Man, really sorry about this whole mess.
I’m pretty much going to be in the camp that says your wife is not yours alone anymore.
I really hate saying that, but it seems pretty clear.

Hard line coming:
Tell her to stay there. You don’t want damaged goods anymore.
Don’t believe her words, believe what she does. Believe your friends who are trying to help you.

Consult a lawyer and file for divorce.

She will freak out as you’ve already seen, but are you willing to share?
She showed you who she is and how much she really cares about you.
and in front of your son???

What does she do when he’s not around?

No way I’d be ok with that.

Sorry friend. Not good news.


----------



## Mr.Married (Feb 21, 2018)

Very rarely do people actually take the advice given on this forum because honestly they just don’t want the truth. What they want is some magic words that makes the truth that they already know go away and become not real.

You already know the truth: Your wife is screwing other men.

There are no magic words that can make that not real.


----------



## thunderchad (12 mo ago)

Umm yeah, your marriage is done. She kicked you out so she could have the freedom to sleep with other men.

If you ever want to save your marriage, never get separated! How could anyone work on a marriage apart? It never makes sense.

Time to file for divorce and move on with your life.


----------



## JR314 (10 mo ago)

I will take the advice. I already have the gut feeling but this has never happened to me before. I have no idea how someone could turn around and say I love you after screwing around. Every relationship I have been in before this one my ex has just simply left and there was no reconciliation or hope for anything in the future. I feel like I'm plan B here while she figures another option out. Even if that's just some fun before moving back here. I don't call or text anymore. She does all the reaching out all day everyday.


----------



## thunderchad (12 mo ago)

JR314 said:


> I don't call or text anymore. She does all the reaching out all day everyday.

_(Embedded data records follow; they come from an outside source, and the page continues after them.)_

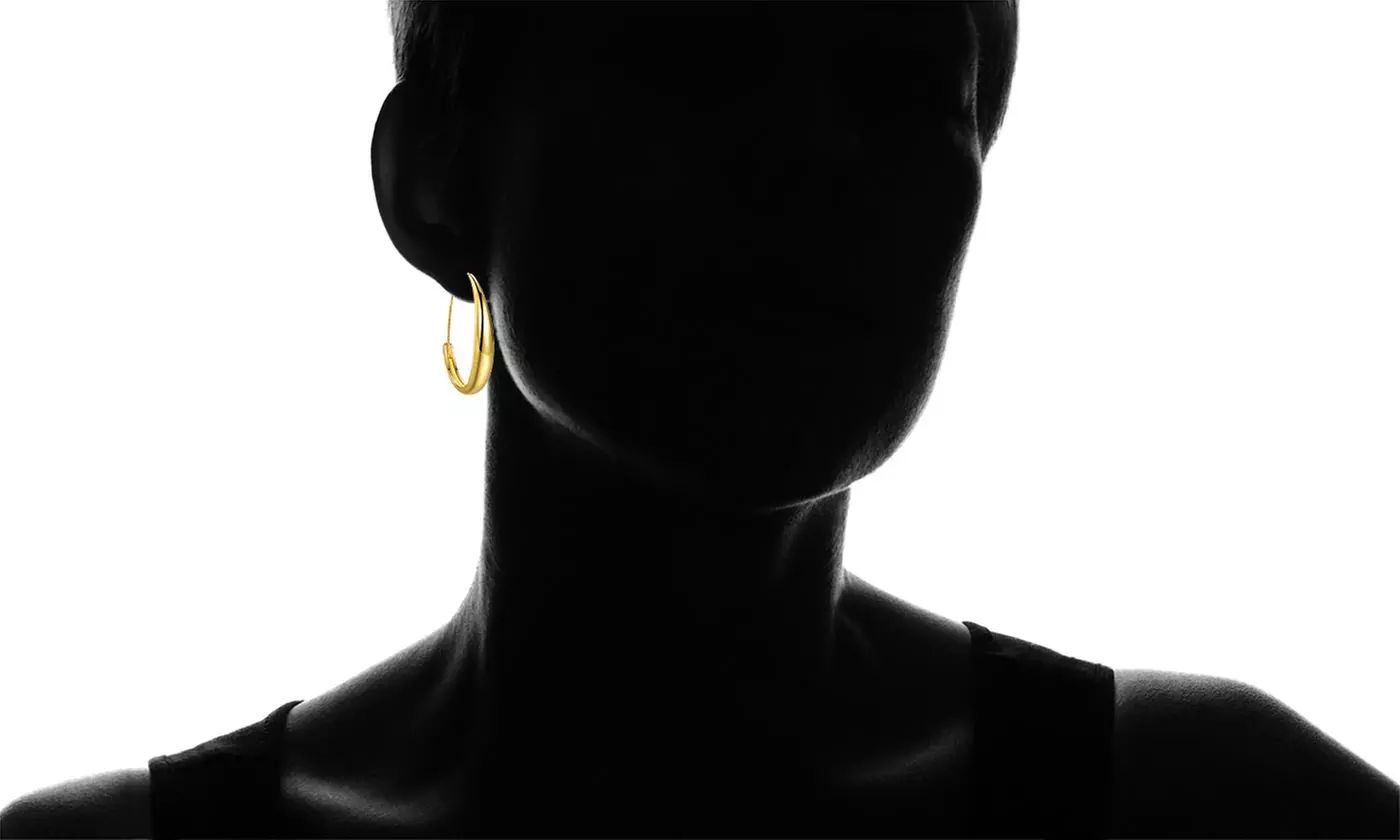 Endless Hoop Earrings in 18K Gold Plating By Euphir - Second Medium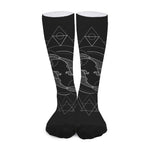 Black And White Pisces Sign Print Long Socks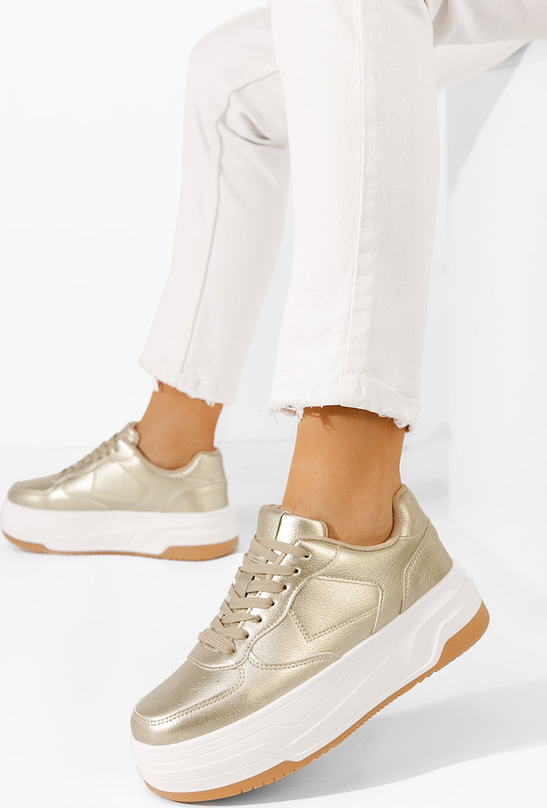 Złote buty sportowe Zapatos sznurowane na platformie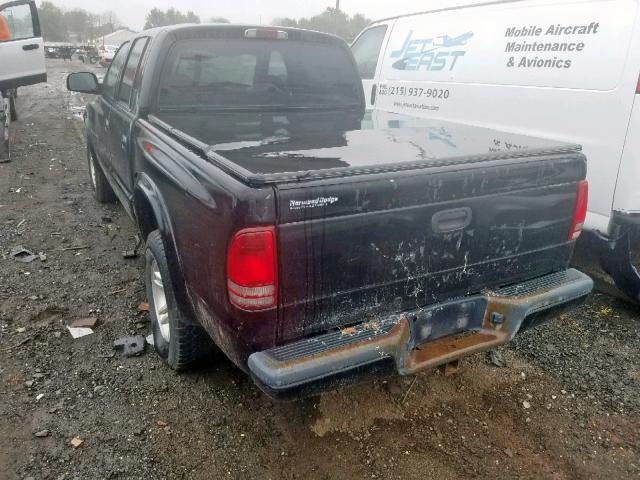 1B7HG38N02S563119 - 2002 DODGE DAKOTA QUA BLACK photo 3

Go no contact! Show her what she's going to lose. Say, if you want to see me and communicate with me then I can move back in or you can move here, but otherwise we are not talking.


----------



## JR314 (10 mo ago)

Worst part is she admitted to probably half of what has actually been going on. Why not just come completely clean so we can both move on with our lives? When I tell her I will just assume the worst has been going on and she's been having sex with other men. She gets very upset and says something like "well if you are going to accuse me of something I haven't done then I'll go ahead and go do it."


----------



## Captain Obvious (Mar 14, 2021)

She asked you to leave the state after you guys had a bad fight. I wouldn’t be surprised if she was in an emotional affair or full blown affair before the fight, or at the very least, had someone in mind she wanted to test drive. Divorce her and move on, a marriage with her isn’t worth saving.


----------



## Mr.Married (Feb 21, 2018)

Why on earth would she tell you she slept with those guys ? There is no advantage to that. If she can keep you doubting she can keep you on the hook as plan B.
My buddy had a wife that did this for years. Like a idiot he hung around still paying for everything while she was nailing guys in his own bed.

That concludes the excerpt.